Sulla distanza delle sei tracce è anche un altro dei miei dischi da isola deserta, quel Rusty, unico disco dei meravigliosi Rodan, se al post rock degli Slint volete aggiungere un pizzico di math. La progressione Rodan – Slint non può non continuare che con i June of 44, il cui Tropics and Meridians consta di esattamente sei tracce, tra le quali quella Anisette che rimane una delle migliori canzoni post/math rock mai scritte. Vediamo, chi manca all’appello? Ah già i For Carnation. Qual è il loro disco migliore? Beh, direi Marshmallow, così su due piedi, anche se l’omonimo The For Carnation, con quel miracolo di Emp Man’s Blues in apertura (all’inizio sentirete poco, poi il volume sale, abbiate pazienza), non è da meno. Vabbè, possiamo prenderli entrambi, hanno sei canzoni ciascuna. Che poi se parliamo di post rock, non possiamo prescindere dai ragazzotti di Chicago, i Tortoise, cervellotici quanto basta, non sempre centratissimi, ma quel loro Millions Now Living Will Never Die è un signor disco (grazie @fourgreatpoints per la segnalazione). Oltre che a contenere ovviamente sei brani. E ad avere un titolo di sei parole poi.

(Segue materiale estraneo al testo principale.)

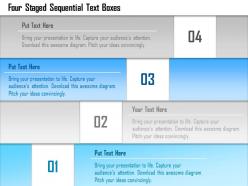 1214 four staged sequential text boxes powerpoint template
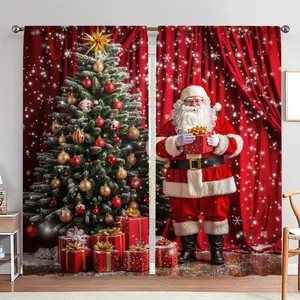 Santa Claus & Christmas Tree Pattern Curtain, 2pcs/set Holiday Party Decoration Window Curtain, Home Decor for Living Room Bedroom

Seguendo un ordine diacronico, abbandonati quindi gli anni ’90 ed entrati in pompa magna negli anni ’00, quelli che più di tutti, nell’ultima “infornata” hanno saputo raccogliere l’eredità di mostri sacri quali Mogwai o Godspeed You! Black Emperor, rimanendo appunto in ambito post, ritengo siano gli Explosions In The Sky. Per cui credo sia giusto onorarli con la chiusa di questo divertissement, che per dirla alla V, vira verso il verboso: So Long, Lonesome, sesto (e ultimo ovviamente) brano di All of a Sudden I Miss Everyone.

Perché mai come nel mio caso risulta vero: sei quello che ascolti.